Other Examples of Biblical Agency
- Deuteronomy 31:3, “YHWH your God is the one who will pass before you….Joshua is the one who will pass before you.” (Joshua is treated as YHWH Himself) Joshua 24.1: “Joshua assembled all the tribes [and] they presented themselves before God.”
- Ezekiel 37:24, “My servant David will be king over them. (King David identified with YHWH) And they will all have one shepherd.” Zechariah 14:9, “YHWH shall be king over the entire earth. And on that day He will be one and His name will be one.” Hosea 3:5, “Afterwards, the Israelites will return and seek Yehovah their God and David their king.”
New Testament Christology
In the New Testament, so completely is Jesus identified with His God and Father that the writers can use a so-called YHVH text from the OT and apply it to the Son without confusion. There are many of these well known usages of language that are not referring to some mysterious plurality of persons within the one God of Israel. For example Paul quotes Joel 2.32 in Romans 10:9-13.
The IVP Bible Background Commentary New Testament, John 5:30.
“Jesus is thus a faithful shaliach, or agent; Jewish law taught that the man’s agent was as a man himself (backed by his full authority), to the extent that the agent faithfully represented him. Moses and the Old Testament prophets were viewed as God’s agents and often spoke for Him in the first person.” Note also that 4 of the 10 plagues performed by Aaron were said to have been performed by God.
Summary
Again, “much of the equivalence between Father and Son [in John] is phrased in language that stems from the Jewish concept that the one who is sent (shaliach) is completely the representative of the one who sends him.
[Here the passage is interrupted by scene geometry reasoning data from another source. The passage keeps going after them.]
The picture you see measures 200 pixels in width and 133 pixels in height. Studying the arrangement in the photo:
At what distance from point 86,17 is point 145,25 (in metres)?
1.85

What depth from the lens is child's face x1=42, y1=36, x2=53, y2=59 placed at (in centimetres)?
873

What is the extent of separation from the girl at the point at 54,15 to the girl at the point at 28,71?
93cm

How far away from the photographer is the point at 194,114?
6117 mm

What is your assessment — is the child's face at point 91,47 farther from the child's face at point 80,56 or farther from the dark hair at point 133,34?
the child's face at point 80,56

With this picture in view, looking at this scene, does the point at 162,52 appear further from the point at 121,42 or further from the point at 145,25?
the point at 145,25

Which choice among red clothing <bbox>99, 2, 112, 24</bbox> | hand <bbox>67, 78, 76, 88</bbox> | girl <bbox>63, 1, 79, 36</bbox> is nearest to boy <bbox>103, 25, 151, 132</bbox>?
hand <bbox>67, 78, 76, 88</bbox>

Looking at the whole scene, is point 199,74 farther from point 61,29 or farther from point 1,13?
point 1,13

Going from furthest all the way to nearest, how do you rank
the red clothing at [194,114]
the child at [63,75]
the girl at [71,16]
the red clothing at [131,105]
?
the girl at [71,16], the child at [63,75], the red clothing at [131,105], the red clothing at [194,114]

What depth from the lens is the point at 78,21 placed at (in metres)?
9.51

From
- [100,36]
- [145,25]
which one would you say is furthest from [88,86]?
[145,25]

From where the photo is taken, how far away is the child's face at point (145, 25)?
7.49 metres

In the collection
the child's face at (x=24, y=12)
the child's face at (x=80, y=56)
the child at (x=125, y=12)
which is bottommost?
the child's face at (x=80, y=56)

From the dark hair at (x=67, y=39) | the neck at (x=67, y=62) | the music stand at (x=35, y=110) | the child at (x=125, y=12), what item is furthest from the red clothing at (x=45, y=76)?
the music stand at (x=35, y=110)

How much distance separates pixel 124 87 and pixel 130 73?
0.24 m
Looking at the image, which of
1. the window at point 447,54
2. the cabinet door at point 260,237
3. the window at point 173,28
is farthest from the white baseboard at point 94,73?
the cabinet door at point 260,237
Because Jesus is an agent who is God’s own Son, John deepens the legal relationship of agent and sender to a relationship of likeness of nature, still not in philosophical terms, however.” And that’s according to the noted Catholic scholar Raymond Brown, The Gospel According to John, p. 632.
Lastly, Peder Borgen another scholar who Brown quotes as the expert on this topic adds: The saying in John 12:44 “He who believes in me, believes not in me but in Him who sent me” is a very close parallel to the saying by the king in a quotation from the Siphre (an ancient rabbinic text) The same idea, that dealing with the agent is the same as dealing with the sender himself, is found in all four gospels. [See Matt. 10:40; Matt. 18 : 5; Mark 9 : 37; Luke 9 : 48 and John 13:20] The essential message is that, “he who receives any one whom I send receives me; he who receives me receives Him who sent me.”
Carlos Xavier
PS: Many students of scripture understand this principle on an intuitive level. This essay by Carlos Xavier helps us see clearly on an intellectual level something we knew in our hearts to be true all along.